The joint agreement "will make it easier for food and drink to be imported and exported" to reduce "burdens on businesses and led to lengthy lorry queues at the border", London said.

"Some routine checks on animal and plant products will be removed completely," it added.

Northern Ireland remained in the EU single market for goods when the rest of the UK left in order to keep open the border with EU member Ireland, but that necessitated specific trade rules first simplified two years ago under the Windsor Framework deal.

The specific arrangements for Northern Ireland dominated politics in the region for years, and led to a two-year boycott of the devolved assembly by the main pro-British party, the Democratic Unionist Party (DUP), until early last year.

The deal was welcomed by business groups and most political parties. The DUP said it would need to study the detail.

"While we can recognise in superficial terms that there has been some progress, progress alone, with the architecture remaining in a way that leaves us in a distinctly different position from the rest of United Kingdom, is something we cannot countenance long term," DUP leader Gavin Robinson told reporters.
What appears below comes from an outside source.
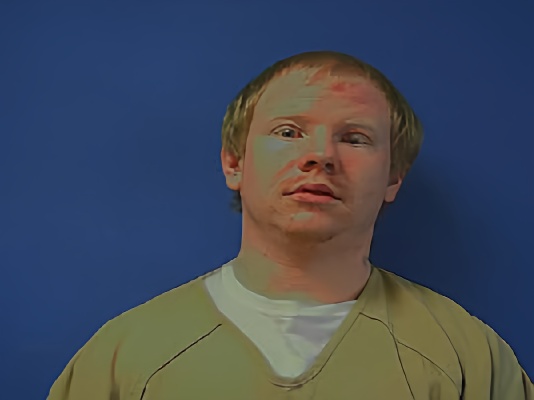 Mugshot of Jesse James Hall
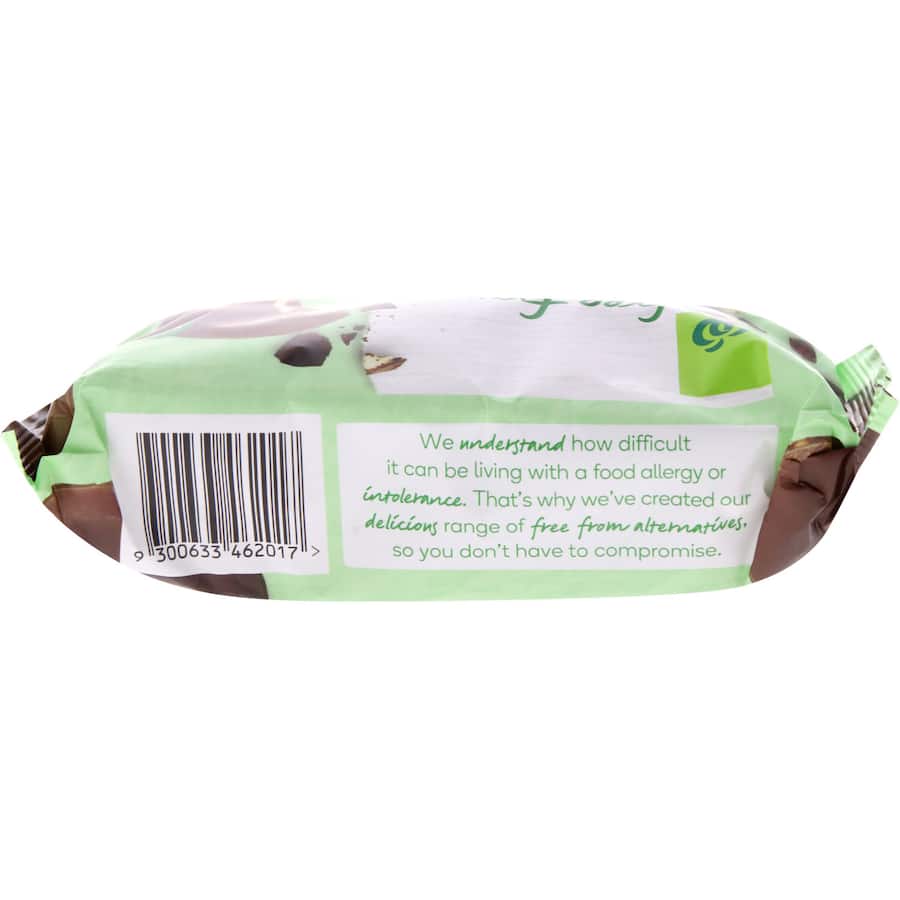 Woolworths Free From Gluten Biscuits Mint Cream with mint filling and dark chocolate coating, perfect for gluten-sensitive indulgence.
The Windsor Framework will remain in place alongside the SPS agreement, meaning customs declarations will still be required at Northern Irish ports but also permitting Northern Irish firms to retain greater access to EU markets that others in the UK.

"Of course this deal does not solve every challenge overnight, but it sets a very welcome new tone," Tina McKenzie, policy chair of the Federation of Small Businesses said in a statement.

The European Union is by far the UK's largest trading partner, but British exports to the bloc have fallen by 21 per cent, and imports by 7 per cent, since it left the EU in 2020.